Dans notre cas de figure, le Président de la République réélu, Félix Tshisekedi, n'a pas de marge de manœuvre, car, il est à mi-parcours de son deuxième mandat, et que faute de Majorité parlementaire après la proclamation des résultats des élections législatives du 20 décembre 2023, et comme l'exige la Constitution, il avait déjà désigné une Personnalité, en l'occurrence, l'Honorable Augustin Kabuya, à qui il avait confié une mission d'information qui était celle d'identifier une coalition, et que cette Coalition majoritaire existe déjà bel et bien, et continue à soutenir par ailleurs, l'action, le Projet de société du Président de la République, Félix Tshisekedi.
C'est pourquoi, une analyse scientifique basée sur la Neutralité Axiologique, est entrée en lice afin de tenter d'éclairer la lanterne des Congolais.
Ma réflexion
« La pensée ne doit jamais se soumettre, ni à un dogme, ni à un parti, ni à une passion, ni à un intérêt, ni à une idée préconçue, ni à quoi que ce soit, si ce n'est aux faits eux-mêmes, parce que pour elle, se soumettre, ce serait cesser d'être. »
I. Précisions conceptuelles :
Gouvernement d'union nationale et gouvernement issu de l'union nationale
Comme je l'avais souligné et mis en relief dans ma précédente Réflexion, théorisons d'entrée de jeu, ces deux concepts afin d'éclairer la lanterne.
I. 1 Gouvernement d'union nationale
D'entrée de jeu, me semble-t-il, il convient d'enlever l'équivoque en replaçant chaque concept dans son contexte.
On parle du Gouvernement d'union nationale, quand stratégiquement, le pouvoir en place, souhaite intégrer dans la future équipe gouvernementale, un nombre significatif des partis politiques et des leaders politiques de l'Opposition, et des personnes venant de la Société civile, afin de gouverner ensemble d'une manière plus stable, pour des motifs qui pourraient être variés : à titre illustratif, affermir ou raffermir la Cohésion nationale,...
Scientifiquement, on parle donc du Gouvernement d' Union nationale, au moment de sa formation, c'est-à-dire, au moment où le pouvoir en place, en clair, la Majorité présidentielle, est en négociations, en tractations, en consultations, avec des forces politiques de l'Opposition, et la Société civile, afin qu'ils acceptent d'intégrer la future équipe gouvernementale, et cela donc, avant la nomination du futur Gouvernement.
I. 2. Gouvernement issu de l'union nationale
Ce qualificatif convient quand ce Gouvernement d'Union nationale formée, est enfin, nommé par le Président de la République, ensuite publié.
Il est donc impropre de parler du Gouvernement d'Union nationale quand tous les membres du Gouvernement sont nommés et en exercice, car après leur nomination, ils font désormais partie, et cela, automatiquement, du pouvoir en place, c’est-à-dire, de la Majorité présidentielle et de la Coalition majoritaire.
Ce Gouvernement nommé, travaille sur base d'un accord gouvernemental, centré sur le projet de société du Président de la République élu ou réélu, et en fonction, et sur base de certaines orientations délibérées et voulues par des nouveaux partenaires qui ont intégré ledit Gouvernement.
Un Gouvernement issu de l'Union nationale, n'est pas synonyme d'un Gouvernement issu de la cohabitation.
Ici, le Président de la République dont le mandat court toujours, et son Projet de société, priment.
Pour s'en convaincre, dans notre cas de figure, si le Gouvernement Suminwa est remanié, et que le nouveau Gouvernement est formé sur base d'une large ouverture, appelée Union nationale ; on parlera plutôt du Gouvernement Suminwa II, issu de l’Union nationale, et non du Gouvernement d'Union nationale.
Ii.

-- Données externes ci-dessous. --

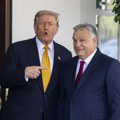Orban i Tramp dogovorili finansijsku saradnju, Tramp demantovao "finansijski štit"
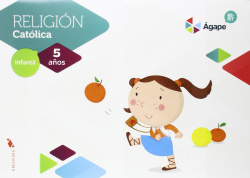 Religión 5 años Agape Berit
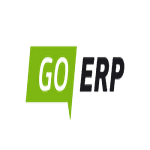 Go-ERP logo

La nomination du Premier Ministre : l'article 78 de la Constitution à la rescousse
L'alinéa 1 de l'article 78 de la Constitution, nous rappelle que :
" Le Président de la République nomme le Premier ministre au sein de la majorité parlementaire après consultation de celle-ci.
Il met fin à ses fonctions sur présentation par celui-ci de la démission du Gouvernement " (2)

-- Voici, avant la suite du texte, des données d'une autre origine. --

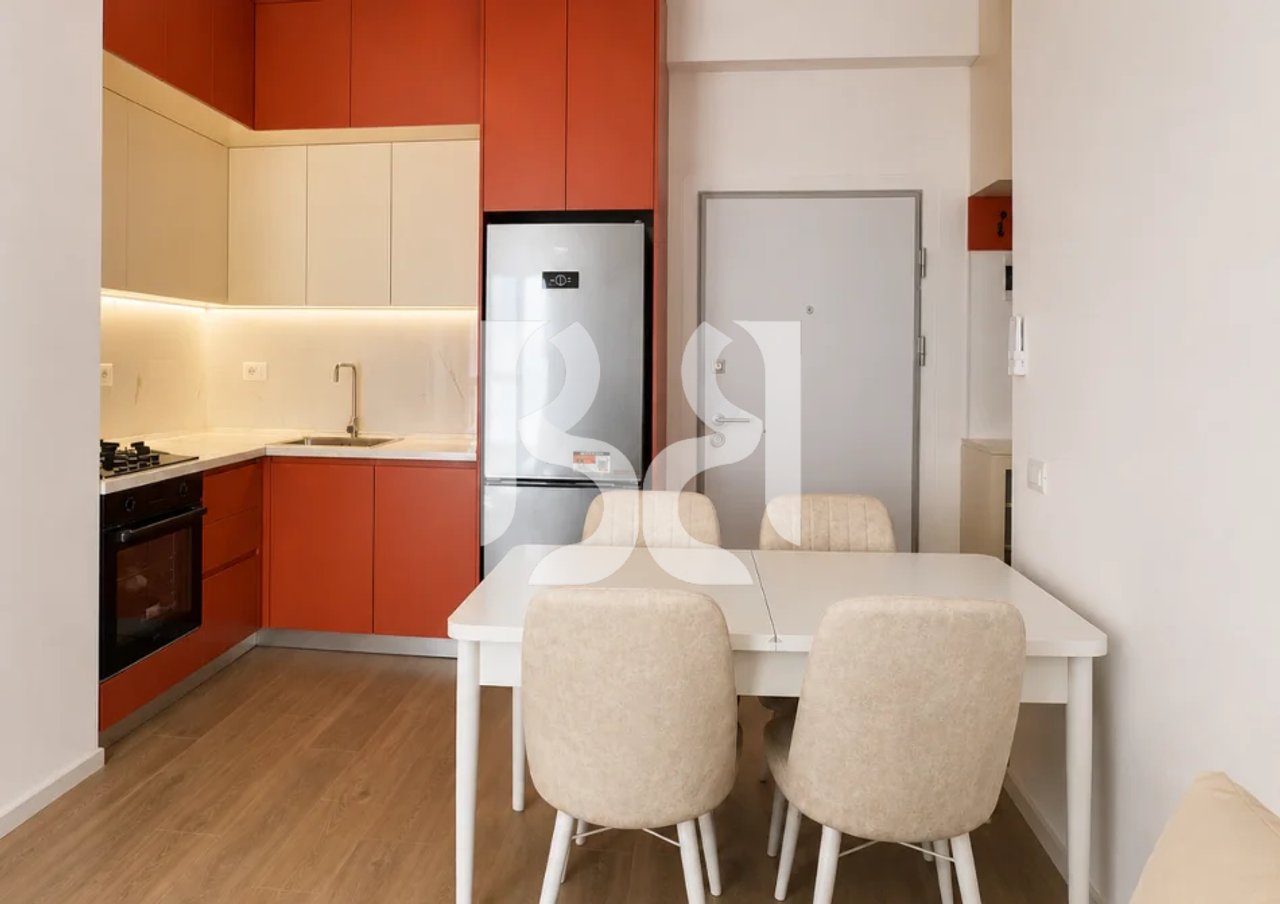 APPARTAMENTO IN AFFITTO 1+1+POSTO AUTO+DEPOSITO RESIDENZA OXA FRESK 520 EURO*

Selon cette disposition constitutionnelle, le Premier Ministre doit donc être nommé au sein de la Majorité parlementaire.
C'est-à-dire, AVANT d'entrer dans ses fonctions de Premier Ministre, en clair, AVANT d'être nommé Premier Ministre, celui-ci DOIT faire partie de la Majorité parlementaire, car c'est là-dedans qu'il sera choisi pour être nommé.
Ici, dans l’esprit du Constituant congolais, la Majorité parlementaire nous renvoie au fait qu’un parti politique a suffisamment des Députés pour constituer, à lui, tout seul, la Majorité au Parlement, plus précisément, à l’Assemblée Nationale, c’est-à-dire, la Majorité absolue ou plus, donc la moitié de Députés +1 = 500/2 + 1 = 251 Députés ( = Majorité absolue) ou plus de 251 députés.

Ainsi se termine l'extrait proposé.